Or perhaps I should say the Crying Test. It's familiar to all of us: if you've ever edited manuscripts or acted as a slush editor--I hope if you've ever written a story, poem, or play--you've encountered it. "This must be of God--it made me cry."
Now, there's some truth to that. I tend to respond to the touch of God that way myself. But it's also true, as I bluntly put it not so long ago, that people cry watching Bambi. In fact, I have occasionally read stories that I found extremely moving, and that annoying part of my mind that I have painstakingly trained for such moments (it is not natural) would spoil the moment by informing me that the thing was theologically bad. I need that part of my mind: without it, I could easily be blown back and forth by my emotions.
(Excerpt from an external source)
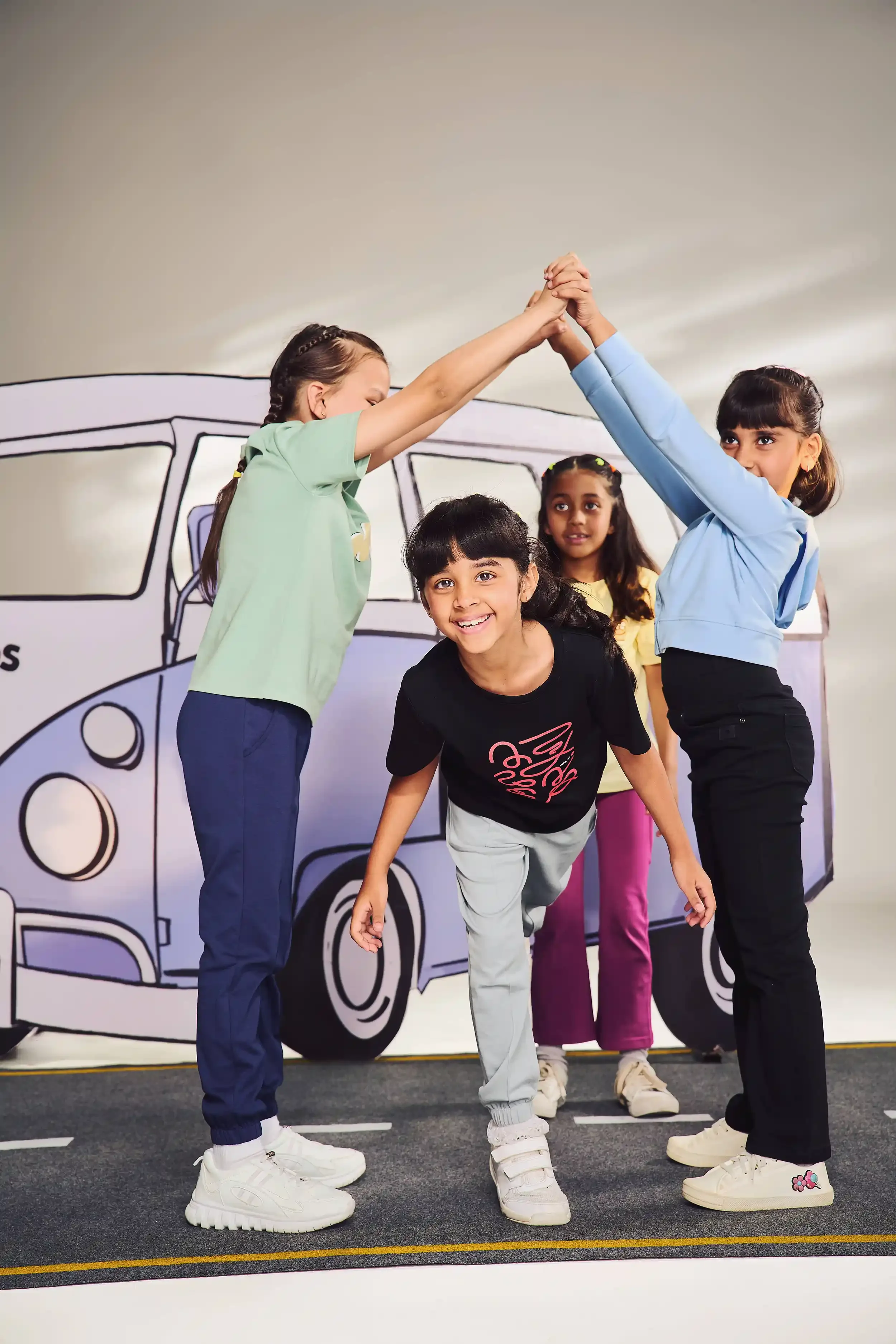 Four children with a cartoon bus backdrop, two girls high-fiving, one girl leaning forward, and one girl watching, all smiling.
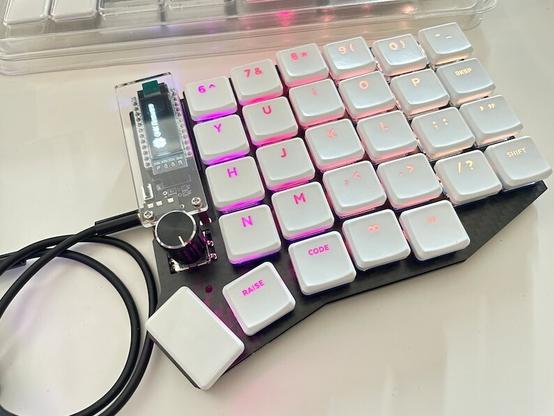 Photo of the right half of the keyboard with the RGB lights on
I have been deeply moved by stories that denied the resurrection, the sinlessness of Christ, and other major doctrines. I have been brought to tears by texts that promoted secularism, pantheism, and other evils. Sometimes you have to shake yourself free of the work's spell--for all art is a kind of enchantment--and force yourself to think. And if you do, you'll always be pilloried by those who can't or won't bother to do the same.
It's still worth it.
You see, it's better to force yourself to be bloody-minded (by the power of the Blood) about art than to find yourself crying more painfully later over something you shouldn't have allowed in to begin with.